Friday, July 13, 2012

THE GIFT OF FIRE by Reginald Beltran


Forbidden from continuing her life's work in the U.S., a linguistics professor accepts an invitation from a Nigerian dictator to continue her research with apes.


How It Works


Email Rob the first ten pages of your feature length screenplay (in pdf. format) along with a logline and title. Every Friday one of us (or a guest reviewer) posts one writer's work along with notes and a:

Rating

Trash It (Start over.)
Take Another Pass (You're onto something, but it needs more work.)
More Please (I'm hooked. What happens next?)
Somebody Shoot This!

Readers then vote and comment on your work.

This week's review, of Reginald Beltran's 1st 10 pages is brought to you by the Cranky Intern.


We open on a sniper keeping his eye on a mansion.  Various targets cross his eye, a gorilla, Patty.  We’re then thrust into a protest taking place outside the U.N. were the President of the United States addresses the General Assembly.  In the back, Samuel Taylor carefully listens.  Soon after, the President and Samuel meet, where it’s revealed the President backs whatever endeavor Samuel’s pursuing.  
We’re then back at the Mansion, surrounded by law enforcement.  Detective Stephen Walsh quickly arrives and tries to take control over the situation, but instead butts heads with an FBI Agent.  Peter Walsh, Stephen’s & Patty’s father, arrives.  Stephen and Peter make it past the police barricade and enter Patty’s mansion, hoping to resolve the issue.

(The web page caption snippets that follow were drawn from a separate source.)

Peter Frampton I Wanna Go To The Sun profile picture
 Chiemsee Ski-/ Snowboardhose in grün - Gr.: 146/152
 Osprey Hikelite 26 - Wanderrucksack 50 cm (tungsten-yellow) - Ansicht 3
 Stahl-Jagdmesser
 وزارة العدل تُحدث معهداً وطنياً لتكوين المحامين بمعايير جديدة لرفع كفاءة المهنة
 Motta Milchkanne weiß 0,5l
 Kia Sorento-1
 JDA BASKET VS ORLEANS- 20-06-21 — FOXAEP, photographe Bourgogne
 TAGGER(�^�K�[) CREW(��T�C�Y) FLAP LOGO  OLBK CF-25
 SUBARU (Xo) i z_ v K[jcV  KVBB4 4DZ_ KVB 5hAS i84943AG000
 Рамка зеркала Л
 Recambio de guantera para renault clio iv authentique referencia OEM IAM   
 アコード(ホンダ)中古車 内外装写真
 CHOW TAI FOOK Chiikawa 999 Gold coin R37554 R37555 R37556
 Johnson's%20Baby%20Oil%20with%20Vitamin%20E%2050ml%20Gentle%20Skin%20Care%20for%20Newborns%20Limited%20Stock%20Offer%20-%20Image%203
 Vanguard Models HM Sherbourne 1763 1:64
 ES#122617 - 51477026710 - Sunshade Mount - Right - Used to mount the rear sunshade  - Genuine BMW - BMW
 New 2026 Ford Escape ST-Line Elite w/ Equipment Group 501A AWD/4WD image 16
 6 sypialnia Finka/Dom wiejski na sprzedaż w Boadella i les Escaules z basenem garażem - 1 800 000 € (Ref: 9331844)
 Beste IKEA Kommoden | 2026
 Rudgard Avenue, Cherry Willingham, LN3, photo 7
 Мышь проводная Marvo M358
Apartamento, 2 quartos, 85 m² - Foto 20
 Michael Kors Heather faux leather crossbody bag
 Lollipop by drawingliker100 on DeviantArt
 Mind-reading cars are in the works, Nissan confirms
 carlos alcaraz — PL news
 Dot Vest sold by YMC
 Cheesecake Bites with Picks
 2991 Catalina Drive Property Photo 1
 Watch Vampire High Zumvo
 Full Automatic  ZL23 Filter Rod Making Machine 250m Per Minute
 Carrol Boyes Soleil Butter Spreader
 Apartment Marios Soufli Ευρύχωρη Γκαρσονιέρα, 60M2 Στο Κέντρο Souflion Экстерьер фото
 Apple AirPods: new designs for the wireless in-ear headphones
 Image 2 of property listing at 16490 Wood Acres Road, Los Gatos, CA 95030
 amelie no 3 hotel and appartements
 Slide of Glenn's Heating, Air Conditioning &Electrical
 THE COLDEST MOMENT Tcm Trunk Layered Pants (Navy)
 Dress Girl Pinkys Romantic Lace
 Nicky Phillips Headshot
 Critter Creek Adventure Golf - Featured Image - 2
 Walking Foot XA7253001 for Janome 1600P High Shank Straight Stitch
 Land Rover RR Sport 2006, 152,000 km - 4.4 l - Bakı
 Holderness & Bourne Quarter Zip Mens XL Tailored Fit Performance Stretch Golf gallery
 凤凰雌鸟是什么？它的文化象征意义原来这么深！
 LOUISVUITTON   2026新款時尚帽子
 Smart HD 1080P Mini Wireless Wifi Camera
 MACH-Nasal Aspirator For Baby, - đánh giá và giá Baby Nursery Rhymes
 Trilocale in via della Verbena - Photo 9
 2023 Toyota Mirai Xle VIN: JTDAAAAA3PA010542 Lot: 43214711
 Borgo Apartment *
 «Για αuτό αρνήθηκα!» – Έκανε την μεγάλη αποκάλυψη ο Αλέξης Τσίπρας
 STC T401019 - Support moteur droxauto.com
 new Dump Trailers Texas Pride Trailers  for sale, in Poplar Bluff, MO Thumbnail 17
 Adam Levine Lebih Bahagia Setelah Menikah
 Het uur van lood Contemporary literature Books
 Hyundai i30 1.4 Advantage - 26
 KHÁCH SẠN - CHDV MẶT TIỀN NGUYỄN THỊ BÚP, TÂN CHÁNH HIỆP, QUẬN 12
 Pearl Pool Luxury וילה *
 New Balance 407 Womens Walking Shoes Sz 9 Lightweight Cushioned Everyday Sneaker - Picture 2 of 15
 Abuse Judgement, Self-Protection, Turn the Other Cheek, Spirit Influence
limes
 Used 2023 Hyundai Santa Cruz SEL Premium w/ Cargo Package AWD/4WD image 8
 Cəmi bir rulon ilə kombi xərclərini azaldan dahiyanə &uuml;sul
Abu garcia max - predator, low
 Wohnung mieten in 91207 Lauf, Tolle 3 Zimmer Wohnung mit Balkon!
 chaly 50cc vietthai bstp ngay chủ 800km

It appears that Patty stole the primates  from somewhere and is holding them unlawfully.    Why’s the FBI involved in something like this?  The FBI Agent says they’re involved because Patty demanded to speak with the President of the United States and declared she had a bomb.  Conceptually, I don’t see that as a plausible reason.  Even so, why not just bust in the mansion and do what must be done, they’re the FBI.  I doubt they care if monkeys  are involved or killed.  
The descriptions are okay, the world in “The Gift of Fire” needs to come to life when I read it.  I want to feel like I’m in the mansion with Patty, in the U.N. with the President and Samuel Taylor.  Describe the surroundings in detail, dig deeper.
Who is Samuel Taylor?  Only important people get into the U.N., why is he there?  A lot of writers feel that this builds a type of climax, but it really doesn’t.  It just leaves the reader wondering, who is this guy & why is he in the story.
I don’t really get a sense for these characters.  Nothing draws me to them.  I should feel sympathetic for Patty, I’m guessing she’s trying to save the monkeys.  The same holds true for her brother.  Show the readers that Stephen loves his sister, but can’t help her.  He should be more torn.
My rating: 

(*)Trash It 
( )Take Another Pass 
( )More Please 
( )Somebody Shoot This!


What did you think of Reginald's 1st 10 pages?
Next week Dan gives feedback on the 1st 10 pages of Peter Kissick's ANACHRONISM.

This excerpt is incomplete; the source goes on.